_WHAT TO PRODUCE_
No pictures should appear in the copy. Reproduce exactly the lines from the one containing "CRATE & BARREL - Rama Flor Lupino Rosa 99cm" through the end of the material below.

======== PROVIDED DATA

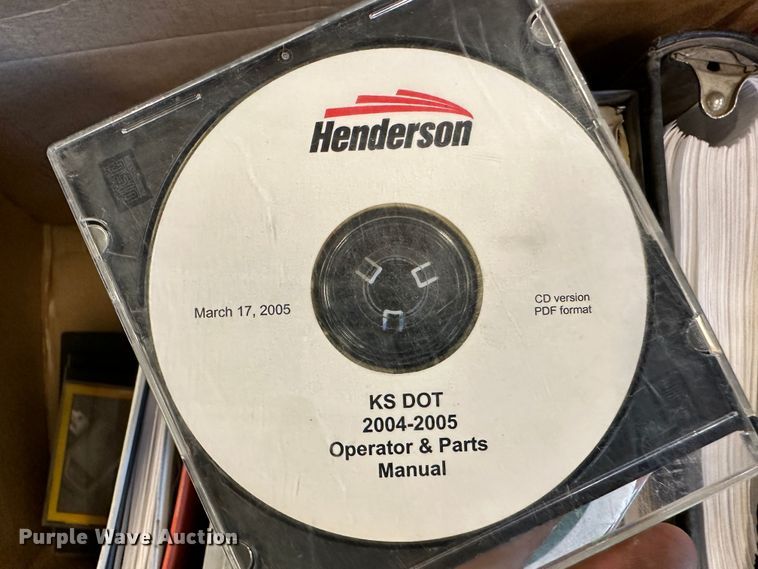 image for item LT9526 (8) boxes of operation and parts manuals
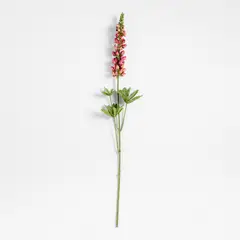 CRATE & BARREL - Rama Flor Lupino Rosa 99cm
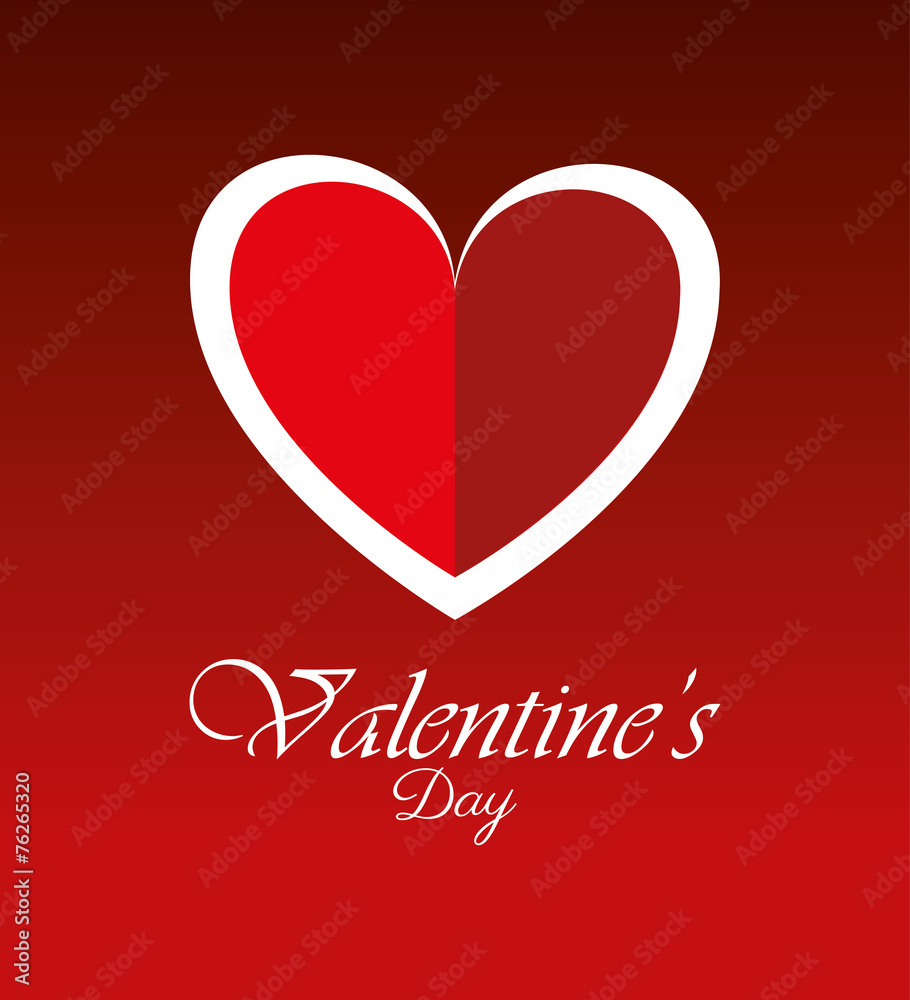 Valentines day design, vector illustration.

================

_OUTPUT FOR THIS EXERCISE_
 CRATE & BARREL - Rama Flor Lupino Rosa 99cm
 Valentines day design, vector illustration.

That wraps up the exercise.